No programmatic hints are provided for Ballades 2, 3 and 4, but the intense contrasts of Nos 2 and 3 suggest that more may have been present than the score indicates. In No 2, the reflective opening section, an ‘Andante’ based on a typically Brahmsian gapped figure (rising F sharp – A – F sharp), yields to an extensive central section at twice the speed (‘Allegro non troppo’), with an insistent rhythm rising from mf to ff that recalls the dramatic cumulation of the ‘Edward’ ballade. Also enclosed is a highly atmospheric ‘molto staccato e leggiero’ passage before a subtly varied reprise of the opening. Atmospheric keyboard effects are even more evident in No 3. Though titled ‘Intermezzo’, this is an extraordinary scherzo in 6/8 metre, with the same rhythmic impact as Brahms’s very first published piano work, the Scherzo in E flat minor Op 4 of 1851, yet with a much more elusive and dramatic quality, perhaps suggesting a nether world of demons or sprites. The middle section explores high-lying chordal sonorities, then, in contrast, single sounds at the extremes of the keyboard, marked ppp. These dynamic features effect a complete transformation of the opening section when it returns, now marked ‘sempre pp molto leggiero’. Such extraordinary writing shows how much Brahms understood his own instrument, and to what extent his style discarded such expressionistic features as he moved, after 1854, to different genres and to a focus on the more formal demands of large-scale chamber and orchestral composition.

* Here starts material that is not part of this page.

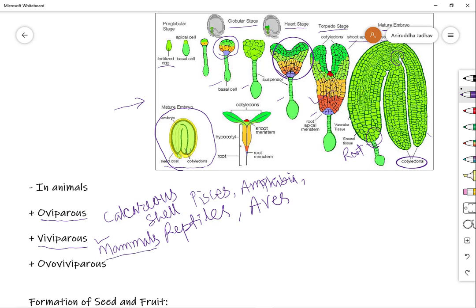Viviparous animals are those in which embryogenesis takes place within the mother's body, and once the embryo is fully formed it is born — these animals give birth to young ones. All mammals are viviparous. There is also a third category called ovoviviparous, observed in a few fishes like sharks and some snakes like rattlesnakes, where the female does not release eggs outside the body. Instead, the eggs remain within a brooding pouch inside the mother's body, where the embryo keeps growing. Once embryonic development is complete, the embryo hatches out of the egg and exits the mother's body.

Only in No 4 does an attributable style emerge—a Schumannesque song melody and accompaniment alternates with a section of intimate decoration of a slow inner-voice melody (again very Schumann-like) before the varied reprise of both. Now the first section is given an entirely new chordal sequel, while the second, transposed into B minor, is fashioned into a coda with wistful returns of the opening phrase that gradually motion the music towards its eventual serene close in the major key of B.